- Alexander Kaye
The Invention of Jewish Theocracy
Alexander Kaye on the idea of a halakhic state
Alexander Kaye, The Invention of Jewish Theocracy. Oxford University Press, 2020. $40.00 (hardback)
In many quarters today, there appears to be a symbiotic relationship between demagogues peddling ethnic or racial nationalism and right-wing religious groups. Leaders from Turkey to India, Israel to the USA, are providing their religious nationalist supporters greater influence in legislation, public policy, and international affairs in return for sweeping support. This raises the question of whether there is a natural relationship between the totalitarian and the theocratic impulse.
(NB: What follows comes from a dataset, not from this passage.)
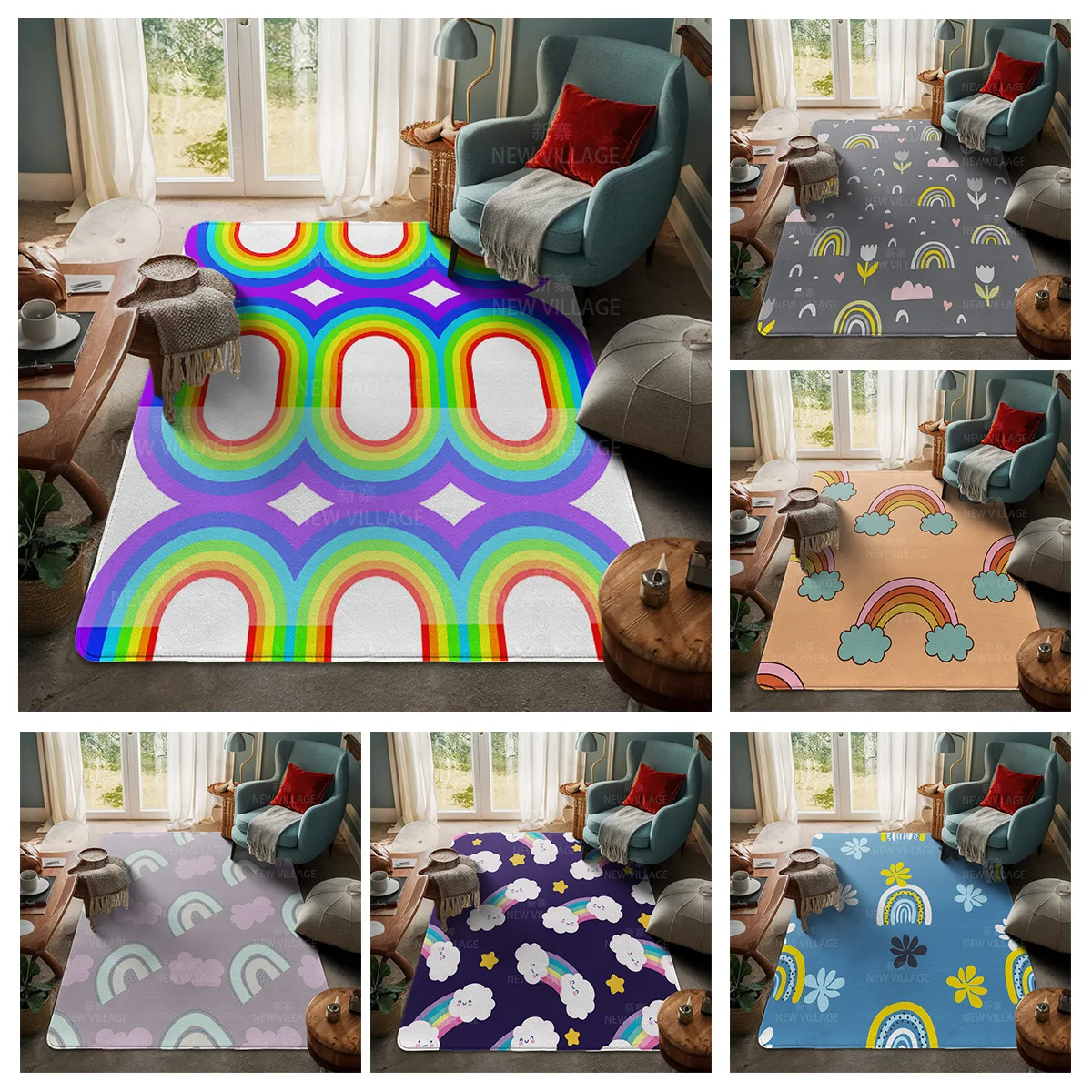 House entrance carpet Home door mat Room Bath Foot bathroom non-slip Kitchen water absorption rugs Modern Nordic rainbow cute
Is something intrinsically anti-democratic about the political aspirations of religion?
In the case of Israel, there is an unquestionable relationship between the “national-religious” community (the common name for Orthodox Jewish Zionists in Israel also known as “religious Zionists”) and right-wing politics. Religious Zionists vote for right-wing parties – which range from the moderate but hawkish to the dangerously bigoted – at far higher rates than other Jewish groups. But that is not the end of the story. “Religion” as a category may obscure more than it reveals. There are many large Jewish religious groups in Israel, in particular among Ultra-Orthodox Jews, which do not always align with the right. More generally, it is important to steer clear of the self-justifying posture of some secular liberals, who blame something they call “religion,” imagined as an irrational holdover of less civilized times, for processes that can be traced just as easily to the violent and tribalistic foundations of the modern state, and to the consequences of colonial expansion. A full understanding must both take seriously the internal histories of particular religious groups, while also acknowledging that those histories are embedded in larger processes such as the growth of nationalism, colonialism and post-colonialism, and globalization. The invisible ties that bind the religious worldview with the political right are not intrinsic to religion itself, but produced by global phenomena which have, in recent decades, influenced the direction of religious and secular politics alike.
My book, The Invention of Jewish Theocracy, investigates these phenomena with regard to one aspect of politicized religion in Israel: the desire of many Jewish nationalists for Israel to become a “halakhic state.” In common parlance, this phrase has become a catchall term for the fear among secular Israelis that religion is having too much impact on national politics, but I have been interested in its precise meaning: the idea the State of Israel should be run by Orthodox Jewish law. According to this vision, the ultimate source of legal authority in Israel would not be the people’s right to self-governance, but the word of God, as revealed in the Torah and interpreted by Orthodox rabbis. This vision has, naturally, been decried by secular liberals, who see it as undermining the democratic rule of law. As early as 1970, the left-wing politician Shulamit Aloni wrote bluntly that Israelis had a choice between a medinat halakha (a halakhic state) and medinat hok (a state of laws). In the meantime, the idea of the halakhic state has become a guiding star of religious nationalist politics. Betzalel Smotrich, a politician on the religious right, a proponent of Israeli territorial maximalism and a bigoted opponent of Palestinian rights, recently argued that he should become Minister of Justice to ensure that Israel would follow Torah law.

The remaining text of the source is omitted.